Figure 2: CXR demonstrating unchanged atrial and ventricular lead placement.


The device is programmed DDD 50 – 130/min with bipolar atrial and ventricular sensing on Automatic Gain Control (AGC) at 0.25mV in the atrium and 0.6mV in the ventricle.  The pacemaker lead trends showed high variability of R wave amplitude, ranging from 2.0 – 20.0mV, as shown in figure 3. In view of the low programmed ventricular sensitivity of 0.6mV with AGC, it is likely that the lower amplitude measurements are FFAOS signals rather than true R waves.

Figure 3: Variable ventricular intrinsic amplitude trend over 6 month period.

While we see far field R wave (FFRW) oversensing more often, FFAOS is uncommon, which is reassuring given that resulting ventricular pacing inhibition could be life-threatening for a patient with no underlying rhythm! There are few published cases on this phenomenon, but the association of FFAOS with a preceding reduction in ventricular sensitivity (Barold et al., 2002) makes the occurrence easier to understand from a programming perspective. This was evident in our case, where sensitivity was previously fixed at 2.0mV prior to boxchange and subsequently programmed to AGC 0.6mV on the new device. The issue was resolved in clinic by changing programming to fixed ventricular sensitivity of 2.5mV.

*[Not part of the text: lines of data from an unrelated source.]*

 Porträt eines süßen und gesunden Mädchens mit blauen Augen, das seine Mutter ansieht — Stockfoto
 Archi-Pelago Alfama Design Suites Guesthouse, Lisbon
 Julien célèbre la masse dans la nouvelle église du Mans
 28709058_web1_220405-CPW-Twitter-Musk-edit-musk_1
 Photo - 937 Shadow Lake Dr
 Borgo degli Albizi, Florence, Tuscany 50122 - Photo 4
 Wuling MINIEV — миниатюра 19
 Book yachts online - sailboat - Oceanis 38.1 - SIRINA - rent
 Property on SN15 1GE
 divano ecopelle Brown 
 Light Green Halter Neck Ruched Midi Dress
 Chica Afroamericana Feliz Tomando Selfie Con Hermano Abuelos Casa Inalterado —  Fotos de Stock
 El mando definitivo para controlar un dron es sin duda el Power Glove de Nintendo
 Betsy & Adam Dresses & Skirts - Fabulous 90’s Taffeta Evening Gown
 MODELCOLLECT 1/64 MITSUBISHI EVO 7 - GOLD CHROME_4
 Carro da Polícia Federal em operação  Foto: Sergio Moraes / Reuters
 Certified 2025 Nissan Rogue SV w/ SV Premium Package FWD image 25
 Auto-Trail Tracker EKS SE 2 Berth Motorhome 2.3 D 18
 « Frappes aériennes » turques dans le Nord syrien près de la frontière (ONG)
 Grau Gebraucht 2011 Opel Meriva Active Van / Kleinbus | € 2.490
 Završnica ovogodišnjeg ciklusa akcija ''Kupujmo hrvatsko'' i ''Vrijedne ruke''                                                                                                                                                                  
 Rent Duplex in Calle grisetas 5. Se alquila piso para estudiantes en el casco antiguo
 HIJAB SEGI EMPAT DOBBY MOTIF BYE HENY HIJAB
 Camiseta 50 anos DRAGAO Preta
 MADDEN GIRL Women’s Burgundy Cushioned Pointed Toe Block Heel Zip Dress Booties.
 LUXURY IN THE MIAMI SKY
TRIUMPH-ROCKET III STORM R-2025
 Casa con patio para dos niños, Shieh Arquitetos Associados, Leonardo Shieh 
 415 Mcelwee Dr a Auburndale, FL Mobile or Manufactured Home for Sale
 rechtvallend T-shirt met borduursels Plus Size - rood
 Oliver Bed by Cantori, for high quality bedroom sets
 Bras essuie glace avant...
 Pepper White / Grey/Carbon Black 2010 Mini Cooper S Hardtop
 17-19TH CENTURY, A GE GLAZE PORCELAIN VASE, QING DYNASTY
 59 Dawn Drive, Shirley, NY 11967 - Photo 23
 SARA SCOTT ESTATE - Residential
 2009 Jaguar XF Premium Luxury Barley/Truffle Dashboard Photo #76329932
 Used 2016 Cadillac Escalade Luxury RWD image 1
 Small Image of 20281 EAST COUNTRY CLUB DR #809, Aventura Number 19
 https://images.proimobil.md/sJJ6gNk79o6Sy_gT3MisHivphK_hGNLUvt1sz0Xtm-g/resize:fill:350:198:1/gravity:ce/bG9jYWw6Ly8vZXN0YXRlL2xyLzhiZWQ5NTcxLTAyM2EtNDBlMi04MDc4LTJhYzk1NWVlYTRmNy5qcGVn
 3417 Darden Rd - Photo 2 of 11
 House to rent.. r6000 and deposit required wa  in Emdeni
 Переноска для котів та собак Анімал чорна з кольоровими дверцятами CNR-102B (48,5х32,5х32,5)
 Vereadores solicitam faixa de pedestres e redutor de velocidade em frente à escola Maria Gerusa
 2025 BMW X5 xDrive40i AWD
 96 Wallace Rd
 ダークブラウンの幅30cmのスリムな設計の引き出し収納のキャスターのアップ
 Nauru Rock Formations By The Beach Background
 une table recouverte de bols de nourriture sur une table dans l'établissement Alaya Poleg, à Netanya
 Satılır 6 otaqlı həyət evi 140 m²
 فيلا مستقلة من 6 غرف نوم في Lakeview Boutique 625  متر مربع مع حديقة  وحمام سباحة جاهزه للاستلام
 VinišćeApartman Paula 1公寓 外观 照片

It is more difficult to understand how sensing of atrial signals on an apical RV lead can occur at all, simply due to the vast distance between the RV lead tip and the atria. Suggestions have been made in research by Martow et al. (2021) and in educational material from Ellenbogen (2020), including RV lead displacement to the AV junction / RVOT, defective insulation on the RV lead in the atrial region, presence of large muscular right atrial appendage, and atrial lead-RV lead interaction during systole. While we can exclude RV lead displacement in this case based on the chest x-ray, there was no definitive evidence which alluded to any of the other possible causes. However, normal device function has resumed with programming changes and the patient has remained symptom-free since then.

Learning points

    • Be aware of nominal sensitivity settings, particularly when changing manufacturer / model at generator replacement.
    • Consider making device less sensitive in pacemaker-dependent patients as highly sensitive programming is of low clinical utility in these patients.
    • While useful in ICD programming, consider whether auto-sensitivity programming is necessary for your pacemaker patients.


P wave oversensing – Cardiocases (2020) Ellenbogen K. P-wave oversensing | Cardiocases

Martow et al. (2021) Sense and Sensitivity: P wave oversensing causing inhibition in a dual chamber pacemaker and practical considerations. Heart Rhythm Society Case Reports: Volume 7, Issue 8, P546-548. Sense and sensitivity: P-wave oversensing causing inhibition in a dual-chamber pacemaker and practical considerations – HeartRhythm Case Reports

Barold et al. (2002) Far-field P-wave sensing by the right ventricular lead of conventional dual chamber pacemakers. J Interv Card Electrophysiol. 2002; 6: 77-80.